I am looking for a data store that serves the following needs:-
- distributed because we have lots of data to query (in TBs)
- Write intensive data store. Data will be generated from services and we want to store the data to perform analytics on them.
- We want the analytical queries to be reasonably fast (order of minutes, not hours)
- Most of our queries would be of the "Select, Filter, Aggregate, Sort" type.
- Schema changes often as what we store will change depending on the changing requirements of the system
- Part of the data that we store may also be used for pure large scale map/reduce jobs for other purposes.
Key-value stores are scalable but does not support our Query requirements.
Map/Reduce jobs are scalable and can execute the queries, but I think it will not meet our query latency requirements.
An RDBMS (like MySQL) would satisfy our query needs but it will force us to have a fixed schema. We could scale it but then we have to do sharing etc.

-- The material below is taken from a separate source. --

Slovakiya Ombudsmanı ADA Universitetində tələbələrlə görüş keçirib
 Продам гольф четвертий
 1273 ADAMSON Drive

Commercial solutions like Vertica seem like a solution that would solve all of our problems, but I would avoid a commercial solution if I can.
HBase seems to be a system that is as scalable as Hadoop because of the underlying HDFS and seems to have the facilities to perform Filters and Aggregations, but I am not sure about the performance of Filter queries in HBase.
Currently HBase does not support Secondary indexes. This makes me wonder if HBase is a right option for Filtering on any arbitrary column. As per the documentation, Filtering on row-id and Column family is faster than filtering on just the column qualifier. However, I also read that having the Bloom Filter index on RowId and Column family significantly increases the size of the Bloom filter and makes this option practically infeasible.
I am unable to find much data online about performance of Filter queries in HBase. Hoping I can find some more information here.
Thanks!